== Activity ==
What is needed is a word-for-word copy of the lines below from the one with "Nasty Gal Ribbed" through the one with "Boston, MA 02118", both included, with every picture left out.

== Task input ==

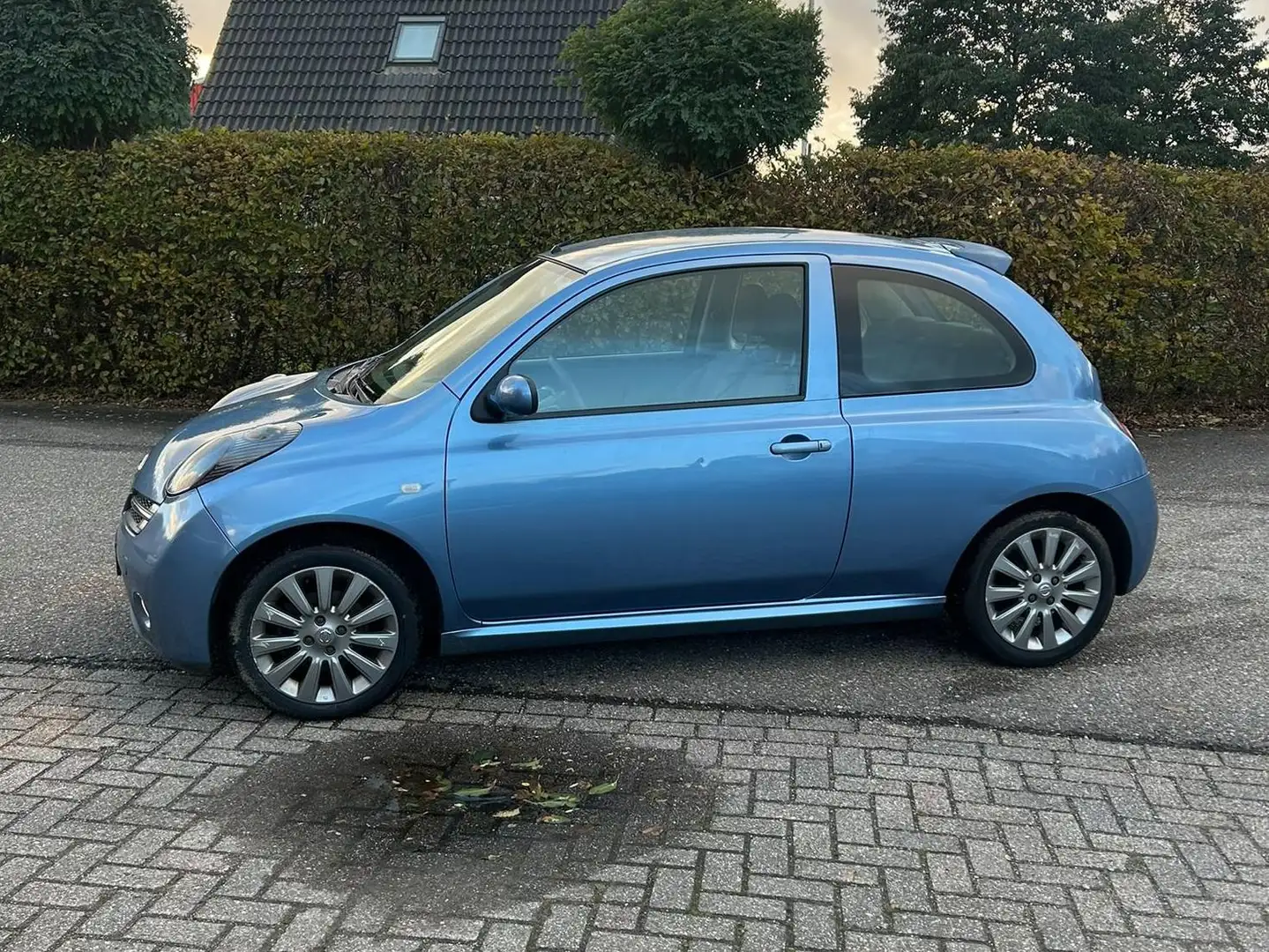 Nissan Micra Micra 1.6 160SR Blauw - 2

* * *

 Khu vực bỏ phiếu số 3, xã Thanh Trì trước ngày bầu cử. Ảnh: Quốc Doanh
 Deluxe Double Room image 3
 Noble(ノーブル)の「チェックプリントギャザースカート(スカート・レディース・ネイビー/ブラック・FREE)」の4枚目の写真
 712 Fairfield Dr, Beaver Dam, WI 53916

* * *

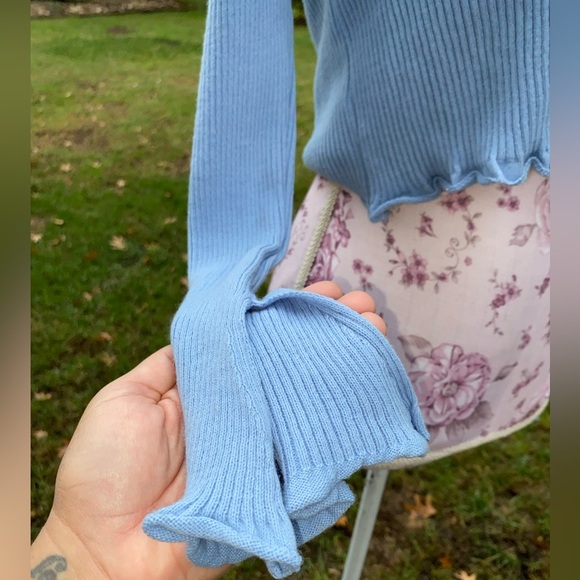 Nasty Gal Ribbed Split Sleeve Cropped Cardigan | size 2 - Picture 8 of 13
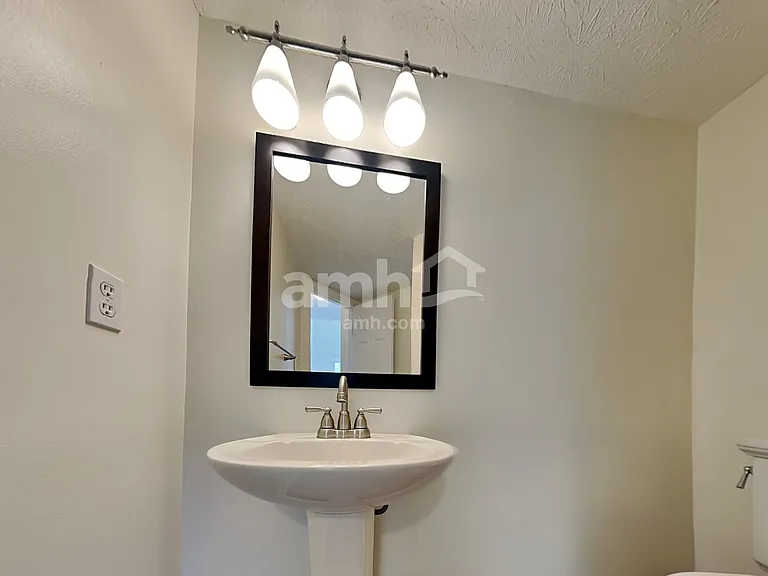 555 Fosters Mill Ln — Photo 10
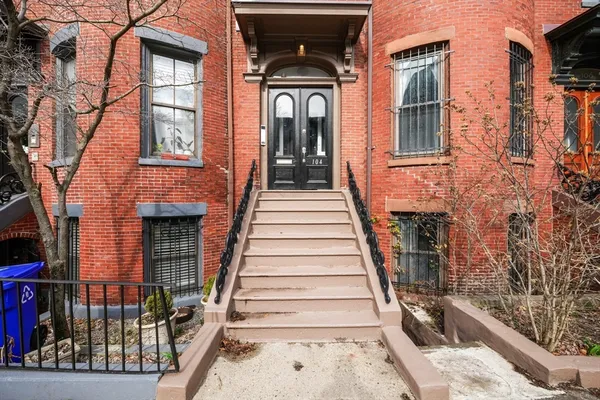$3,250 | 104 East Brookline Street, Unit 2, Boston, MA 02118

== Response to the task ==
 Nasty Gal Ribbed Split Sleeve Cropped Cardigan | size 2 - Picture 8 of 13
 555 Fosters Mill Ln — Photo 10
$3,250 | 104 East Brookline Street, Unit 2, Boston, MA 02118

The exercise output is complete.